[Dataset extract — start]

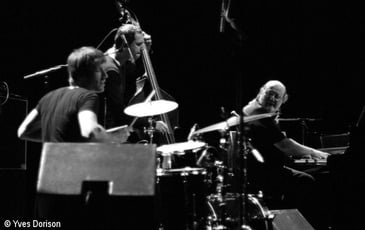 Philippe Soirat 4tet, Andy EMLER et Ludivine Issambourg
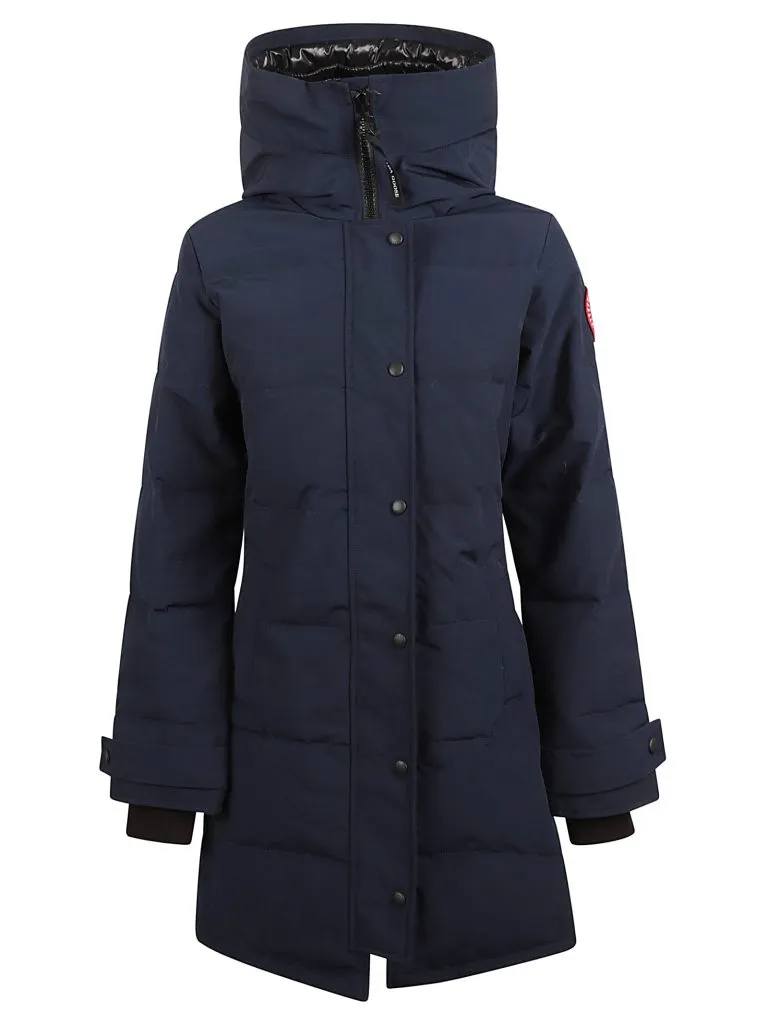 CANADA GOOSECG-SHELBURNE-PARKA---CR ATLANTIC-NAVY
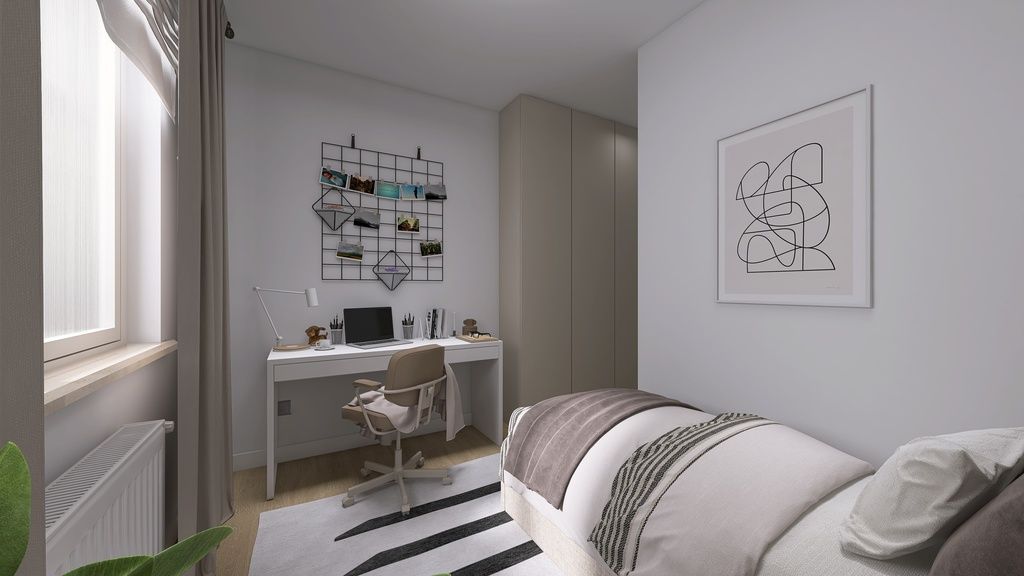 Mieszkanie 4-pokojowe Lublin, ul. Droga Męczenników Majdanka. Zdjęcie 7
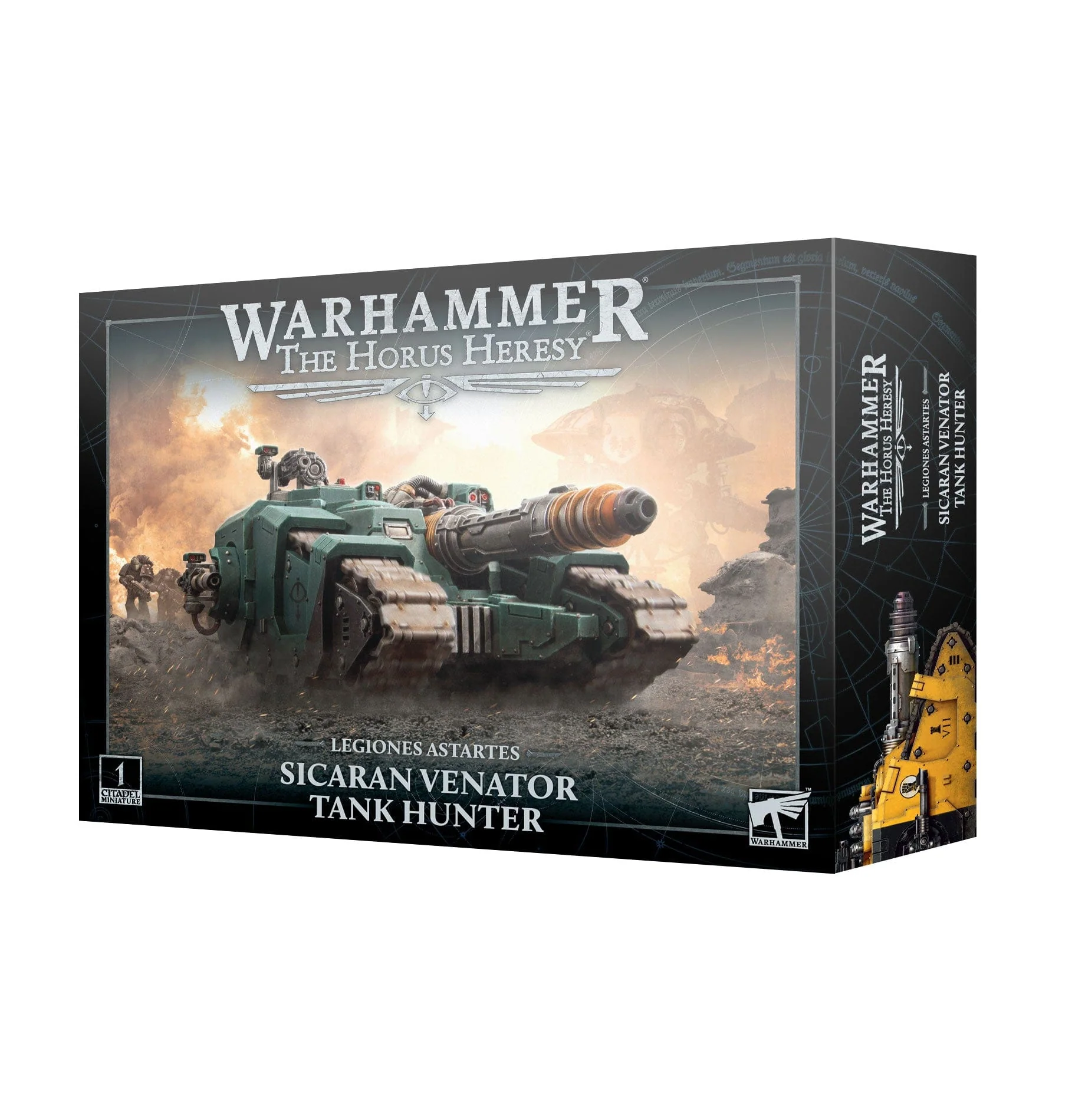 Horus Heresy: Legiones Astartes Sicaran Venator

[Dataset extract — finish]

§ **Assignment**:
When you copy the data, keep every line exact and drop the pictures.

§ **Expected output**:
 Philippe Soirat 4tet, Andy EMLER et Ludivine Issambourg
 CANADA GOOSECG-SHELBURNE-PARKA---CR ATLANTIC-NAVY
 Mieszkanie 4-pokojowe Lublin, ul. Droga Męczenników Majdanka. Zdjęcie 7
 Horus Heresy: Legiones Astartes Sicaran Venator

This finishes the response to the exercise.